HDFC Bank, ICICI Bank, Axis Bank and City Union Bank were up in the range of 2 per cent to 4 per cent. Of these, Axis Bank (up 3.2 per cent at Rs 1,267.50) and ICICI Bank (up 2.5 per cent at Rs 1,199.70) were trading at their respective record highs.
HDFC Bank was up 2.7 per cent at Rs 1,716.95 in intra-day trade. The stock was trading at its highest level since December 2023. It was seen inching towards its record high of Rs 1,757.80 touched on July 3, 2023.
At 02:04 pm; the Nifty Private Bank index was up 1.7 per cent, as compared to 0.65 per cent rise in the Nifty 50 and 0.20 per cent gain in Nifty PSU Bank index.
The board of directors of HDFC Bank was scheduled to meet on July 20, 2024 to announce its financial results for the quarter ended June 30, 2024 (Q1FY25). While, ICICI Bank's board is scheduled to declare its Q1FY25 results on July 27, 2024.
Despite a lower loan growth environment, analysts at Macquarie expect private sector banks to report healthy ROAs and ROEs over the next three years and remain steady power of compounding stories. “We expect healthy ROEs in the 16-18 per cent range. They are less affected by ECL regulations and carry contingent buffers (most of them) and we do not see any adverse asset quality outlook. A delayed rate cut cycle further cushions NIMs for them in the near term,” the brokerage firm said in India Financials report.
Going into FY25F, analysts at Nomura argue that deposit positives due to flows from the JP Morgan bond index inclusion can be offset by a ‘normal’ pick-up in currency in circulation in the system (which was not seen in FY24 due to the Rs 2,000 note withdrawal by the RBI). Any sustainable pick-up in deposit growth (above our base case of 13 per cent YoY for FY25F) will, hence, require substantial increase in bank credit to the government or forex assets purchases by the RBI, the foreign broker said.
“In the absence of these, we think liquidity coverage ratio (LCR) and loan-to-deposit ratio (LDR) should continue to be system loan growth constraints. We continue to have a ‘value’-focused approach amid the broader convergence in RoEs across the sector, with a preference for more liquid banks,” Nomura said in Indian Banks report.
Meanwhile, analysts at CLSA believe Indian banks are well placed after a rollercoaster decade.

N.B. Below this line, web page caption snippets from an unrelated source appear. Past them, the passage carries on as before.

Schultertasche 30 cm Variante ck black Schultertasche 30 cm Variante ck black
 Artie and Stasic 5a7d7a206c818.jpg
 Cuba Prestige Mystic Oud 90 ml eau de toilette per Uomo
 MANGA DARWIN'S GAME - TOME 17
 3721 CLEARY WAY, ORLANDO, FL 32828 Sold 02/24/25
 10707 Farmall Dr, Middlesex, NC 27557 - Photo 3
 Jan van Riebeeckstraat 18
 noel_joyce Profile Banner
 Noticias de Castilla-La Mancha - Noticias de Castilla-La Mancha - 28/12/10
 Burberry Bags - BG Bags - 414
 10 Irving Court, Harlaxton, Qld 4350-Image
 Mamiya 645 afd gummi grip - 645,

Balance sheets are the strongest they have been in over a decade and profits have rebounded sharply (quadrupling in 10 years). Sector ROE is at its highest since FY11. Loan growth has picked up from an average of 10 per cent over FY12-22 to 15 per cent over the past two years and deposit growth should follow. Against this backdrop, PSU Banks outperformed private sector banks by c.80ppt/100ppt in the past 1- year/5-year from a low base, the brokerage firm said in banking sector outlook.
Private sector banks, which have been stock market laggards, should now give better returns given a good business outlook and inexpensive valuations (10-15x PE versus the NIFTY50 at 18x). The key short-term risk is a sharp repo rate cut that would reverse the NIM improvement banks have delivered, CLSA said.
HDFC Bank is the best run bank with a track record of strong growth and profitability for over two decades. However, return ratios and loan growth have moderated due to the merger and would take a few years to normalize. Valuations have come off significantly, in the past five years thus making risk-reward healthy, despite the lower profitability, the brokerage firm said.
Meanwhile, Axis Bank hit a new high of Rs 1,267.50, up 3 per cent in intra-day trade, and has rallied 7 per cent in past one week. ICICI Securities has a ‘buy’ rating on Axis Bank with a target price of Rs 1,300 per share.
With another year of sustained operational performance, the bank has been growing as per the prescribed roadmap achieving continued improvement in RoE. Targeting continued growth momentum (~16 per cent CAGR) with cushion on margins (3.9-4 per cent) and anticipation of benign credit cost (50-60 bps), the bank is well positioned to continue to deliver RoA at 1.8-1.9 per cent, the brokerage firm said in March quarter result update.